Talvez o mais belo jogo em HD2D até agora e um dos melhores títulos do Team Asano da Square Enix, mostrando-se atento às críticas ao seu antecessor.


Publicado pela Square Enix e desenvolvido em parceria com a Acquire, assim como os demais títulos da série, Octopath Traveler II é uma sequência de Octopath Traveler (Switch), mas se passa muitos anos depois no mesmo mundo e com novos protagonistas. O game tem o mesmo diretor (Keisuke Miyauchi) e os mesmos produtores (Tomoya Asano e Masashi Takahashi). Trata-se de um RPG de turno de alta fantasia com uma narrativa fragmentada em oito histórias separadas, mas eventualmente interconectadas, e com um estilo artístico apelidado de “HD2D”, o qual mistura elementos 3D e efeitos modernos com pixel art à moda de JRPGs da era 16-bits.

Oito novos protagonistas em uma trama mais longa, fluida e interconectada

Escrito por Takashi Hino e contextualizado por Kakunoshin Futsuzawa (o mesmo que trabalhou no primeiro Octopath Traveler e em Octopath Traveler: Champions of the Continent), o enredo de Octopath Traveler 2 segue a fórmula do primeiro jogo da série de segmentar sua narrativa em oito subtramas independentes (uma para cada protagonista), as quais possuem de 3 a 5 capítulos cada. Uma vez finalizadas, há um último trajeto que relaciona o grupo como um todo. Todas as rotas principais juntas levam cerca de 70 horas — algo em torno de 10 horas a mais em comparação ao primeiro título da série.

Como escrevi em minha prévia para a Revista Nintendo Blast N.º 157, uma das principais críticas ao Octopath Traveler de 2018 foi o fato de sua trama fragmentada conectar muito ligeiramente as rotas de seus personagens, aproveitando muito pouco o potencial interativo entre eles, salvo alguns comentários ocasionais sem voice acting entre os membros (um elemento que foi preservado nessa sequência). Contudo, novas atitudes foram tomadas em relação à conexão narrativa do novo octeto.

Convém observar que o octeto não pode estar inteiro na party. Diferente de Octopath Traveler: Champions of the Continent, em Octopath Traveler II só é possível escalar quatro personagens para o grupo, então o jogador precisará alterar seus personagens de vez em quando nos bares das cidades, tal como ocorre em Romancing SaGa


A primeira atitude foi a de repensar o level design de modo a permitir que o jogador escolha alguém como membro fixo inicial e, em vez de acompanhar uma rota de cada vez até o fim, incentivá-lo a acompanhar as oito rotas de forma alternada, assim aumentando o nível de seu grupo de personagens proporcionalmente ao recomendado em cada capítulo. Isso ajudou a “matar dois coelhos com uma cajadada”, pois outra crítica ao primeiro Octopath Traveler mirou o excesso de grinding necessário para seguir em várias partes das histórias.

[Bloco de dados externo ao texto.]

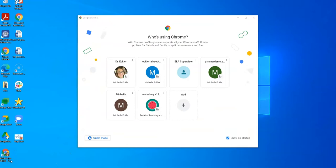Now, another thing you may have noticed when you first logged into Google Chrome is a screen that says "Who is using Chrome?" If you don't see that, I'm also going to show you how to add a profile to Chrome. This is a really cool way to separate accounts. I have a lot of accounts here in Waterbury — my main account, some Google trainer accounts, and my supervisor account, so there are a couple of different accounts.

Vale ressaltar também que a rota final integra mais profundamente os personagens e suas subtramas que até então pareciam quase inteiramente independentes. Por fim, outra mudança que se destaca no aspecto da conectividade é a adição das Crossed Paths Routes, quatro rotas paralelas mais curtas, cada qual envolvendo a colaboração de dois protagonistas:
  • Agnea Bristarni (dançarina) e Hikari ku (guerreiro);
  • Osvald V. Vanstein (acadêmico) e Partitio Yellowil (mercador);
  • Temenos Mistral (clérigo) e Throné Anguis (ladra);
  • Castti Florenz (apotecária) e Ochette (caçadora).

Embora escritas de forma linear e simples, e sem muito peso na trama principal, essas rotas paralelas desenvolvem de forma única a sinergia entre as diferentes personalidades do elenco e tornam o grupo mais orgânico. Por outro lado, a independência de enredo entre todas as rotas (principais e secundárias) pode levar o jogador a perder o ritmo dos roteiros e a se sentir ora menos conectado a um personagem e ora mais interessado em outro.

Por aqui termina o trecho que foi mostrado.